January 16, 2017January 16, 2017by Mysan Yogain Health & Happiness Tips, Inspiration, Life, Motivation, Yin Yoga, YogaTags happiness, Healing, inspiration, Sanctuary living, Yin Yoga, yoga, yogapractice

Here is David Braunstein’s new blog! It is inspired by Mysan’s class theme last week; Motivation

Have a read, enjoy, have a think, comment and contemplate 🙂

Motivation.

What’s my Motivation to practice Yin Yoga?

I’m in my least favourite pose, Saddle Pose. Mysan explains that I should get: “A deep opening in the sacral-lumbar arch and a stretch in the hip flexors and quadriceps.” She gaily adds that I may get “the bonus of a deep opening at the front.”

Hurray! What I am getting right now is my lower back screaming -No No No No No!

When she asks me, “What’s your motivation?” right now I’m inclined to answer – some kind of sick twisted masochism. My motivation initially in recommencing a yoga practice was to prepare myself for a meditation retreat. I knew I would be sitting for long periods of time and I was dreading the physical aspect, knowing that my body and in particular my hips, back and ankles were going to become a major distraction.

It worked but four months later, what is my motivation to keep coming? Well I have never walked away from the Sanctuary not feeling glad I’d made the effort to come. But what does that actually mean? What is my motivation? – it’s a very good question!

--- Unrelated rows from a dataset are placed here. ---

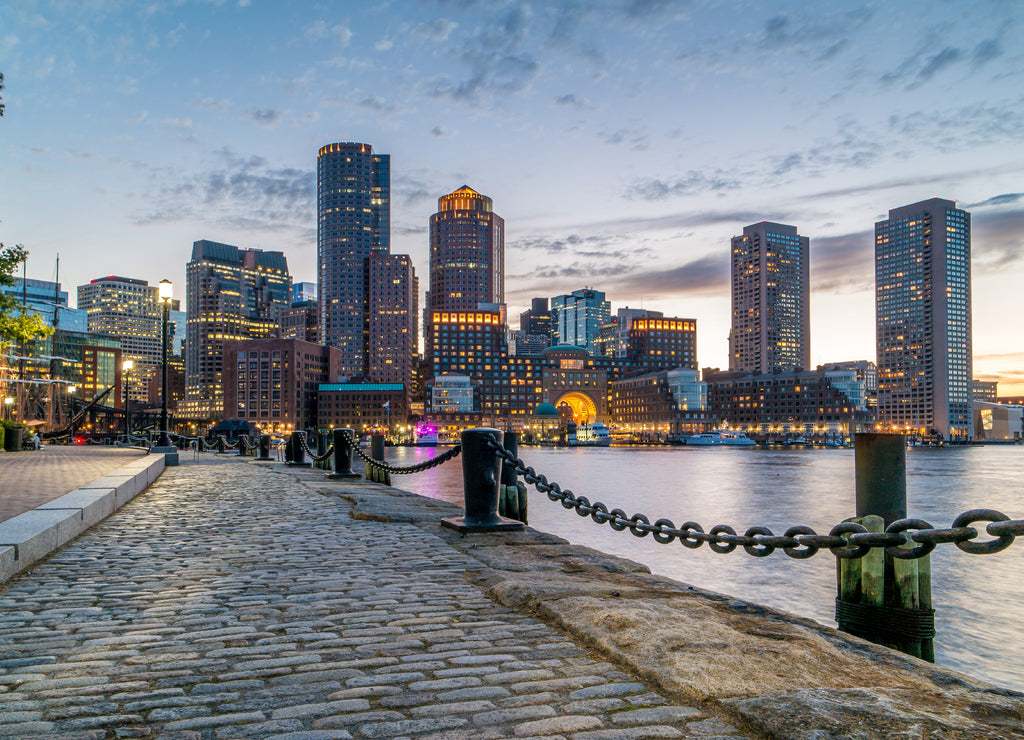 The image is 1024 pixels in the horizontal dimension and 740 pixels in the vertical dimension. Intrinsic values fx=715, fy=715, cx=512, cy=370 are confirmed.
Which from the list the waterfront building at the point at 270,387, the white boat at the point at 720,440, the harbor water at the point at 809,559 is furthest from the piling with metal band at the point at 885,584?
the waterfront building at the point at 270,387

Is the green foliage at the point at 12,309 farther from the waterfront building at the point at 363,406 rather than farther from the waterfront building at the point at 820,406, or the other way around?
the waterfront building at the point at 820,406

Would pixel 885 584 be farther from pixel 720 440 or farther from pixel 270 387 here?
pixel 270 387

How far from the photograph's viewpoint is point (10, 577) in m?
6.56

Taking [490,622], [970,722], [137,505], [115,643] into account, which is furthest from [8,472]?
[970,722]

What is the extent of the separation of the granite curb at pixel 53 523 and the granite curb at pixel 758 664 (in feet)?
14.2

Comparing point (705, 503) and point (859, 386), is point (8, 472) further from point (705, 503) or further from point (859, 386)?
point (859, 386)

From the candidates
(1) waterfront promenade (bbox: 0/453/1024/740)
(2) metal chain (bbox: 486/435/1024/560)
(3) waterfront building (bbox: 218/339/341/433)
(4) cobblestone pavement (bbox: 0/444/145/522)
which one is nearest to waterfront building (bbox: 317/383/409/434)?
(3) waterfront building (bbox: 218/339/341/433)

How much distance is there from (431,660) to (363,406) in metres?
Result: 195

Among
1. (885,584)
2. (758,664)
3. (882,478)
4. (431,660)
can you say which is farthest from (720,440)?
(431,660)

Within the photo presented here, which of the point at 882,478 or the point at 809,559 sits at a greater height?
the point at 882,478

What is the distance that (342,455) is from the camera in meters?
21.8

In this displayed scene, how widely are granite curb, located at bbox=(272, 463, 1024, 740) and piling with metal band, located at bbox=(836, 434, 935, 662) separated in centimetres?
94

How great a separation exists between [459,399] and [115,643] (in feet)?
635

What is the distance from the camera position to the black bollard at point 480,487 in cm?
964
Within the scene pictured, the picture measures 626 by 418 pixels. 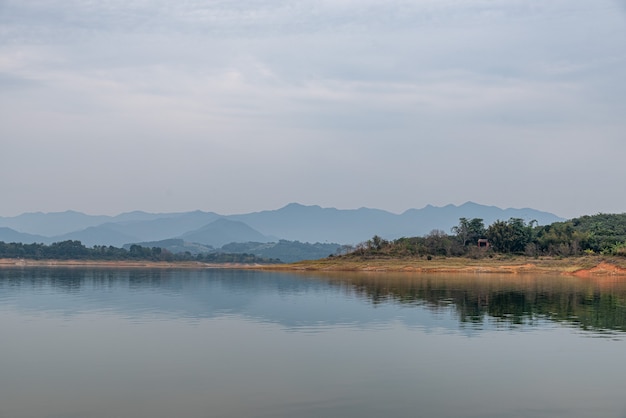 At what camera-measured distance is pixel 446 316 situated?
220 ft

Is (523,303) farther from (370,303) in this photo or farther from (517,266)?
(517,266)

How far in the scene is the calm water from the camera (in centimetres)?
3064

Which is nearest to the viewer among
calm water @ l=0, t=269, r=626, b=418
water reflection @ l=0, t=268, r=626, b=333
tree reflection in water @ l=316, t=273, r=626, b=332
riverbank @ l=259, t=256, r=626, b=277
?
calm water @ l=0, t=269, r=626, b=418

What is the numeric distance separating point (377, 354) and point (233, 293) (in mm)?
66008

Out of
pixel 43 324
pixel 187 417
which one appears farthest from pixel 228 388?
pixel 43 324

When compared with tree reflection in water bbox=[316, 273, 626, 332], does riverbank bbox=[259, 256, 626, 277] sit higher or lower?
higher

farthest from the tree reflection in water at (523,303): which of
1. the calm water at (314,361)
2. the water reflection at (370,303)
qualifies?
the calm water at (314,361)

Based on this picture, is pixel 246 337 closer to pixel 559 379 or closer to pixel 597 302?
pixel 559 379

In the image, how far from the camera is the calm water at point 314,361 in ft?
101

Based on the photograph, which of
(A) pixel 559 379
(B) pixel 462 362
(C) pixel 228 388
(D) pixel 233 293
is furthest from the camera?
(D) pixel 233 293

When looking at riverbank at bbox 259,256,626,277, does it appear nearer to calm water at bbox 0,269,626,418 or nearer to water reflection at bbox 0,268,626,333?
water reflection at bbox 0,268,626,333

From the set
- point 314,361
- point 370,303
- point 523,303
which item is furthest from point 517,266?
point 314,361

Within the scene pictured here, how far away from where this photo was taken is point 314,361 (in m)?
41.3

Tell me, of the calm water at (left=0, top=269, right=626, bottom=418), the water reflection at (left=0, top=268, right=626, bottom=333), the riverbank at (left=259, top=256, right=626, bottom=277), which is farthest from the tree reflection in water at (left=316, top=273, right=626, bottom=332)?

Years ago, when studying literature, I did some training in writing for theatre that was always the major question to ask. If you create a character, what is that character’s motivation? Why do they behave the way they behave? Why do they do things they do? Why do they say the things they say? Why is their life the shape it is?

So, I’ve been thinking about motivation for a long time. I’ve even got some ready made answers, but those answers in no way adequately explain why I pay Mysan on a regular basis to tell me to put my body into poses that stress my body the way I have for the last five minutes….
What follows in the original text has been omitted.